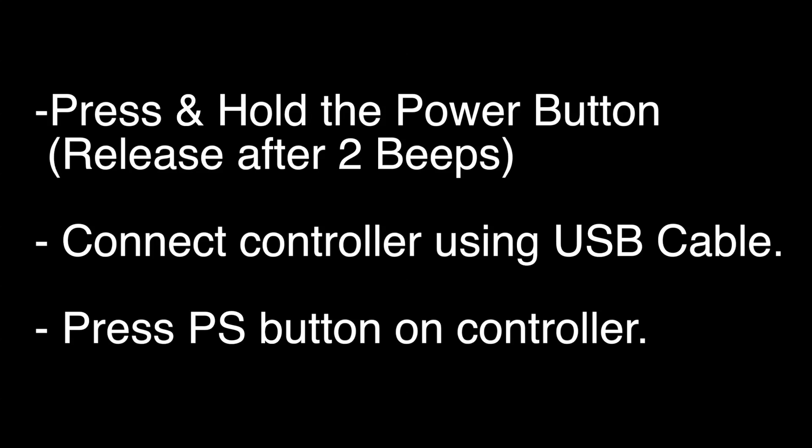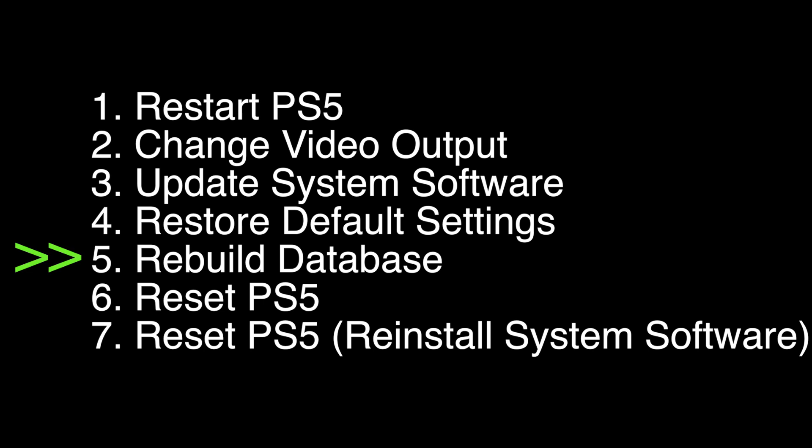Press and hold the power button down until you hear two beeps, then release the power button and plug in the controller using a USB cable, and press the PS button. When a menu comes up, select option number 5, Rebuild Database. After you select this option it may take a few minutes, but after it's done, hopefully your PS5 should be working again.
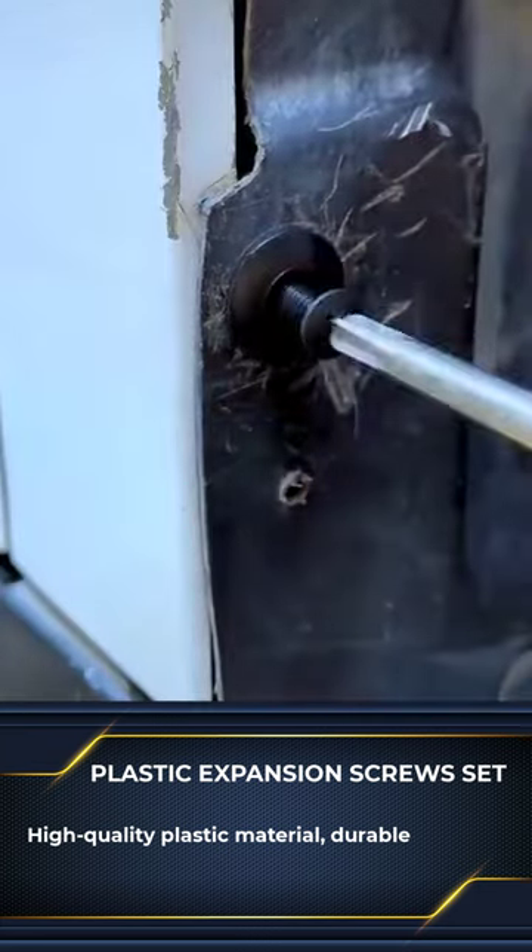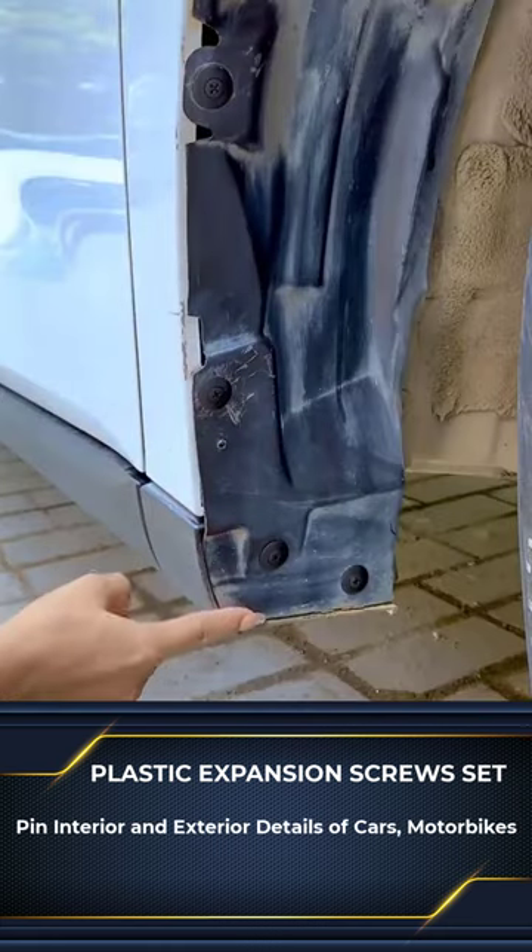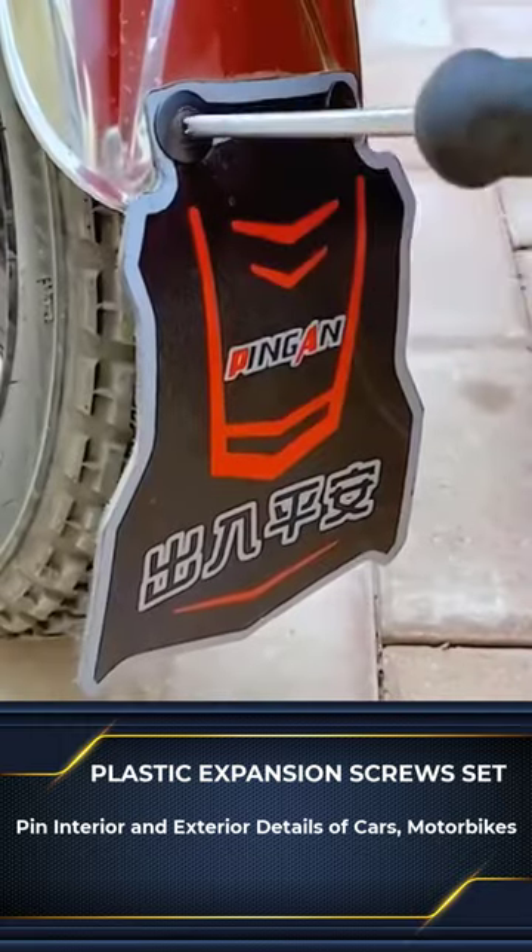Suitable for replacing worn or damaged old screws. The product is important, but it is often lost when moving on the road, making you extremely confused.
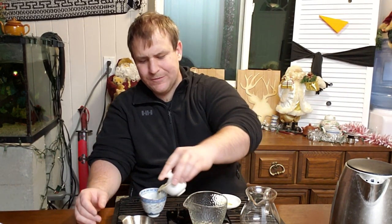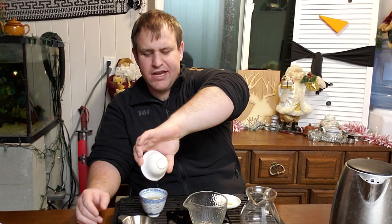This tea has a flavor I've noticed in other Mengku-area and Lincang-area teas. I don't know exactly what region this one is from, but that's what it reminds me of. I'll post the actual origin in the description — maybe I'm right, just guessing.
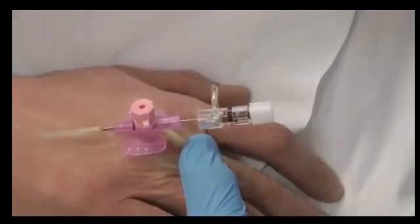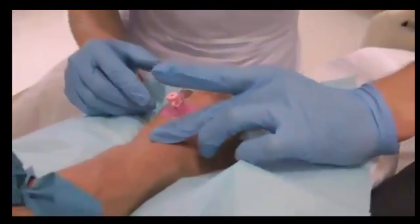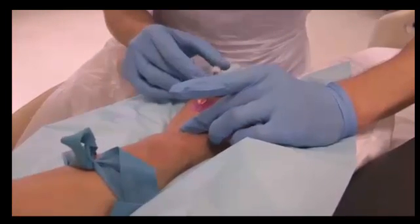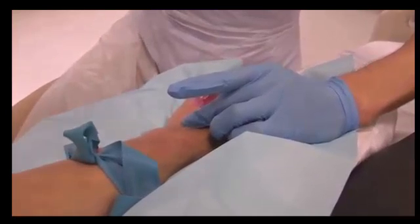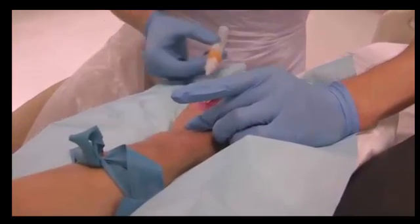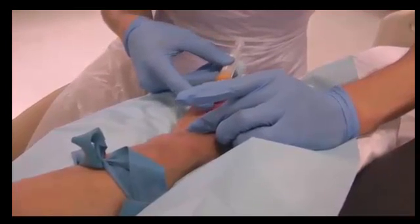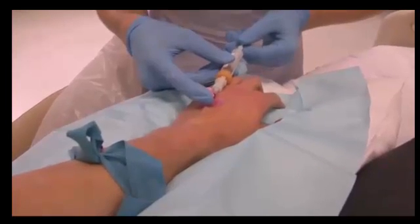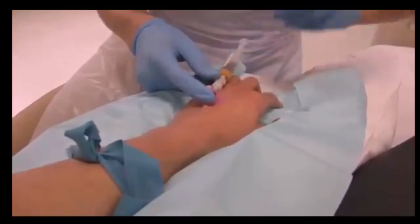Release the tourniquet if you do not plan to take blood. Securing the cannula with your hand, remove the needle completely and place in the sharps bin. When taking blood, occlude the vein with your middle finger and stabilise the cannula with your thumb or index finger. Attach the adapter and blood bottle to take the blood sample, making sure to stabilise the cannula. Aspirate the blood slowly, then release the tourniquet.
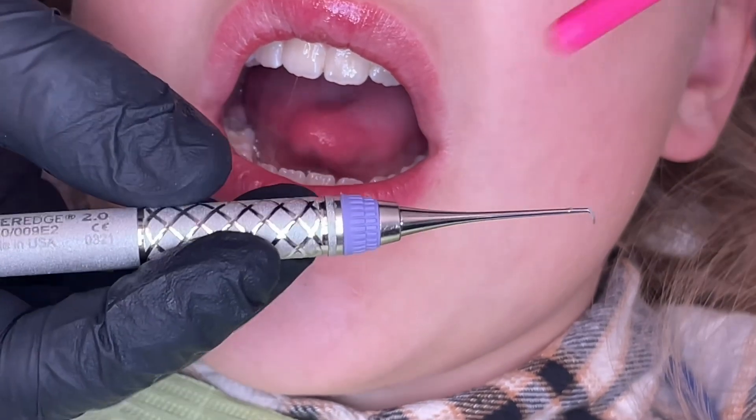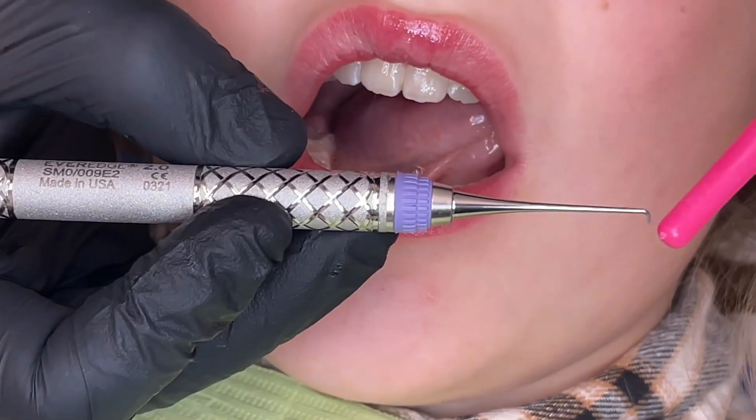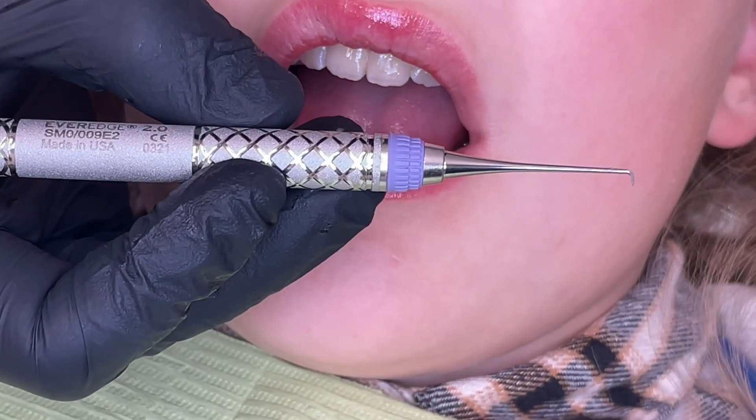So this instrument is pretty handy. If you notice, it's a simple shank — it's straight, and it has a little tiny cutting edge. It's called a SMOO, or SMOO, depending on who you talk to.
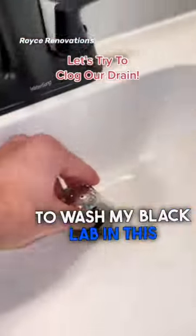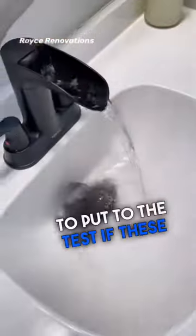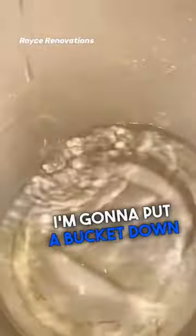Daily tip: I'm gonna wash my black lab in this sink and try to clog my drain — well, kind of. Actually it's just gonna be a small mock-up of that situation, and we're gonna put to the test if these TubShrooms can actually catch the hair. Well, how are you gonna actually see how much hair gets down there? I'm gonna put a bucket down there.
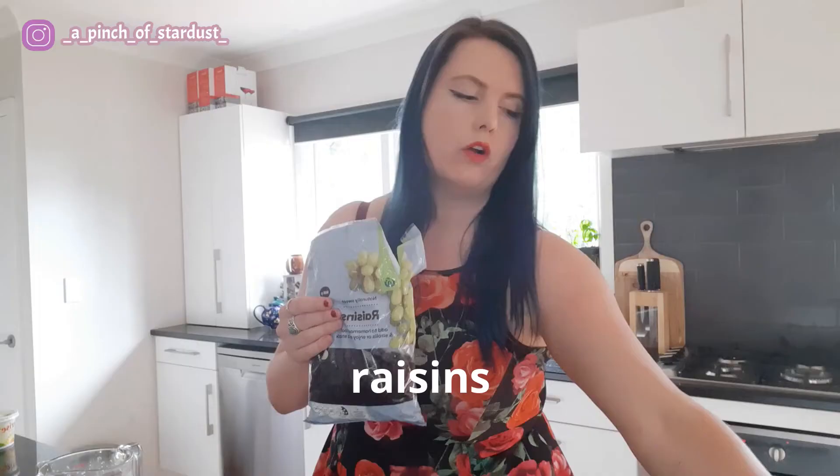The next ingredient is raisins. I tend to add a quarter of a cup per day, so three quarters of a cup in total. Of course, if you don't like raisins, don't add them, or add less. I actually read a meme recently that said white people tend to add raisins to food that's perfectly fine already, and I laughed because I'm totally one of those people — it's so true.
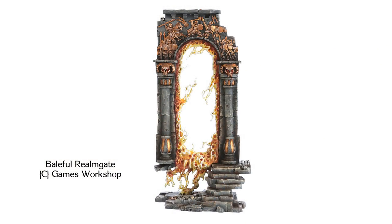I've got another thrifty scratch build for you this week. It's a very tall, imposing set piece that could be used for any number of things in your game. This was inspired by, and is similar to, but definitely not the same as, a Baleful Realmgate by Games Workshop.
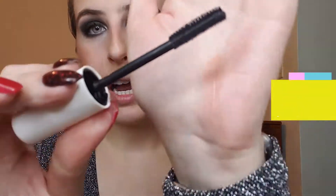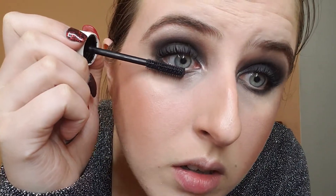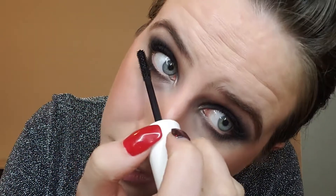To finish the under eye, we are going to go in with the Zen Mascara. I love to use this for my under eye because these short bristles are perfect for getting in there. You just add a little bit and you don't get mascara all over.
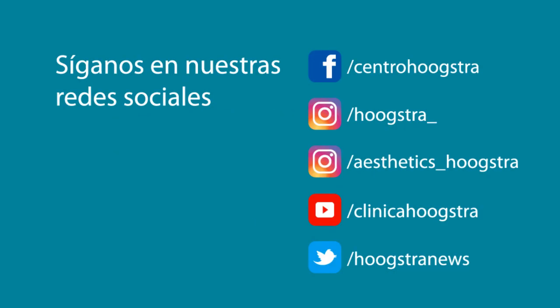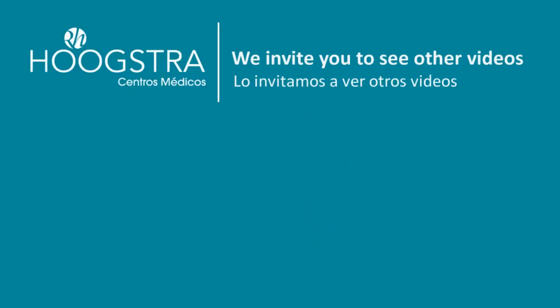We are waiting for you. Send us information, send us pictures, and we can keep in touch in the comments. We'll see you next time. Bye, bye.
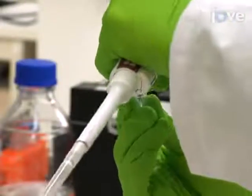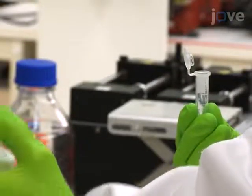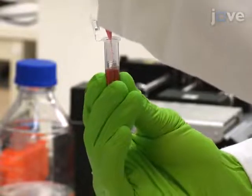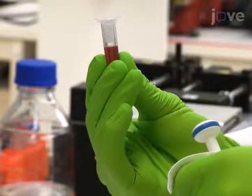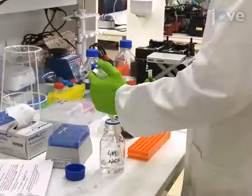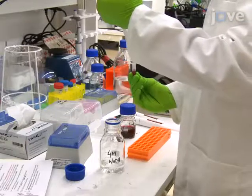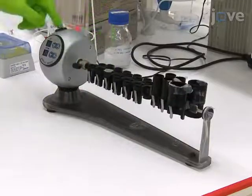Next, combine 1 milliliter of a 1.2 x 10⁻⁹ molar suspension of 40 nanometer gold nanoparticles with 1 milligram of alpha-mercapto-omega carboxy PEG and vortex the mixture. Adjust the pH of the mixture to 12 with a 4 molar sodium hydroxide solution. Gently stir the mixture at room temperature overnight.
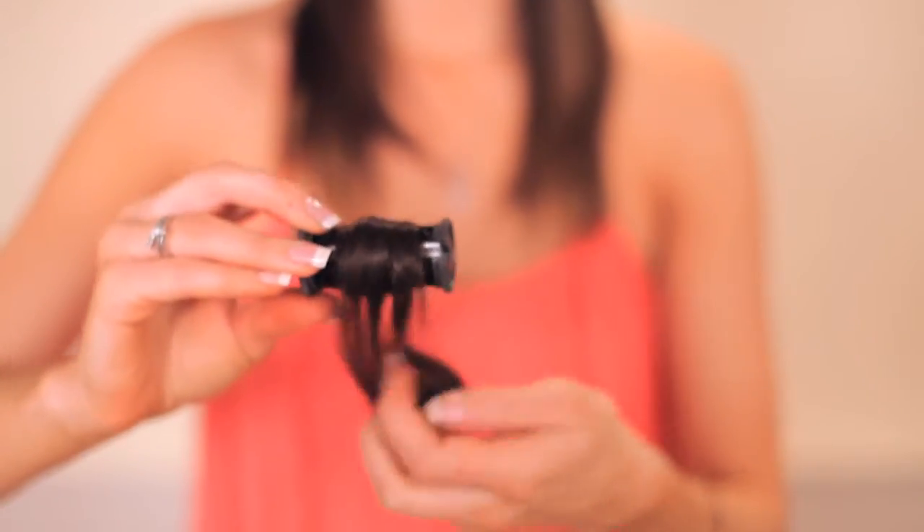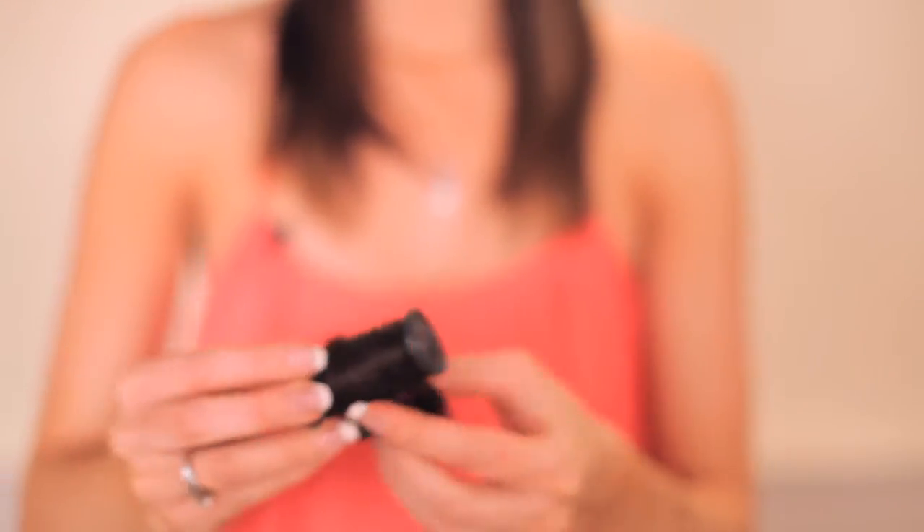When using a hot roller set, you're going to take the roller that is already pre-warmed and gently place your extension. Starting at the end, wrap it around the roller. Hold it securely as you gently wrap it around, then hold it taut, secure, and clip. Let that set overnight or even just for an hour and you'll have your soft loose curl.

□ □ □ □

§ ABOUT THIS EXERCISE:
If any image appears in the entries, omit it and return the rest verbatim.

§ RESPONSE TO THE TASK:
Press and hold the power button down until you hear two beeps, then release the power button and plug in the controller using a USB cable, and press the PS button. When a menu comes up, select option number 5, Rebuild Database. After you select this option it may take a few minutes, but after it's done, hopefully your PS5 should be working again.
Suitable for replacing worn or damaged old screws. The product is important, but it is often lost when moving on the road, making you extremely confused.
This tea has a flavor I've noticed in other Mengku-area and Lincang-area teas. I don't know exactly what region this one is from, but that's what it reminds me of. I'll post the actual origin in the description — maybe I'm right, just guessing.
Release the tourniquet if you do not plan to take blood. Securing the cannula with your hand, remove the needle completely and place in the sharps bin. When taking blood, occlude the vein with your middle finger and stabilise the cannula with your thumb or index finger. Attach the adapter and blood bottle to take the blood sample, making sure to stabilise the cannula. Aspirate the blood slowly, then release the tourniquet.
So this instrument is pretty handy. If you notice, it's a simple shank — it's straight, and it has a little tiny cutting edge. It's called a SMOO, or SMOO, depending on who you talk to.
Daily tip: I'm gonna wash my black lab in this sink and try to clog my drain — well, kind of. Actually it's just gonna be a small mock-up of that situation, and we're gonna put to the test if these TubShrooms can actually catch the hair. Well, how are you gonna actually see how much hair gets down there? I'm gonna put a bucket down there.
The next ingredient is raisins. I tend to add a quarter of a cup per day, so three quarters of a cup in total. Of course, if you don't like raisins, don't add them, or add less. I actually read a meme recently that said white people tend to add raisins to food that's perfectly fine already, and I laughed because I'm totally one of those people — it's so true.
I've got another thrifty scratch build for you this week. It's a very tall, imposing set piece that could be used for any number of things in your game. This was inspired by, and is similar to, but definitely not the same as, a Baleful Realmgate by Games Workshop.
To finish the under eye, we are going to go in with the Zen Mascara. I love to use this for my under eye because these short bristles are perfect for getting in there. You just add a little bit and you don't get mascara all over.
We are waiting for you. Send us information, send us pictures, and we can keep in touch in the comments. We'll see you next time. Bye, bye.
Next, combine 1 milliliter of a 1.2 x 10⁻⁹ molar suspension of 40 nanometer gold nanoparticles with 1 milligram of alpha-mercapto-omega carboxy PEG and vortex the mixture. Adjust the pH of the mixture to 12 with a 4 molar sodium hydroxide solution. Gently stir the mixture at room temperature overnight.
When using a hot roller set, you're going to take the roller that is already pre-warmed and gently place your extension. Starting at the end, wrap it around the roller. Hold it securely as you gently wrap it around, then hold it taut, secure, and clip. Let that set overnight or even just for an hour and you'll have your soft loose curl.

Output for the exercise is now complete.